Introduction
A new artificial intelligence (AI) tool has challenged the long-held assumption that fingerprints from different fingers of the same person are unique and unmatchable. The tool, developed by researchers from Columbia University and the University at Buffalo, SUNY, can identify with high accuracy whether prints from different fingers come from one person by analyzing the angles and curvatures of the swirls at the center of the fingerprint.
Methodology and Accuracy
The AI tool is based on a deep contrastive network, a type of machine learning model that learns to compare pairs of inputs and outputs. The researchers trained the tool on a public database of approximately 60,000 fingerprints, belonging to different fingers and different people. The tool learned to correlate fingerprints from the same person by focusing on the orientation of the ridges in the center of the fingerprint, rather than the minutiae, or endpoints and bifurcations in fingerprint ridges, which are traditionally used by forensic experts. The researchers claim that the tool can achieve an accuracy of 77% for a single pair of fingerprints, and up to 90% when multiple pairs are presented.
Implications
The AI tool could have significant implications for both biometrics and forensic science. For biometrics, it could mean that using one particular finger to unlock a device or provide identification may not be secure enough, as other fingers from the same person could also be used. For forensic science, it could mean that prints from different fingers found at different crime scenes could be linked to the same person, generating new leads or evidence in investigations.
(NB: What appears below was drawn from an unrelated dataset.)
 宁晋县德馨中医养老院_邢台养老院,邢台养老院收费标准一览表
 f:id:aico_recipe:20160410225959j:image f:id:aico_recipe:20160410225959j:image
However, the researchers caution that more research is needed to validate their findings using larger and more diverse datasets, and to understand how the AI tool works and what features it is using to match fingerprints.
Controversy
The AI tool is controversial because it contradicts decades of forensic practice and belief that fingerprints from different fingers of one person are unique and therefore unmatchable. The researchers faced multiple rejections from journals before their paper was accepted for publication in Nature Communications. Some reviewers and editors dismissed their findings as impossible or well-known, while others questioned their methodology and data quality. The researchers argue that their AI tool reveals a new kind of forensic marker that has been overlooked by human experts, and that their findings could have important implications for criminal justice.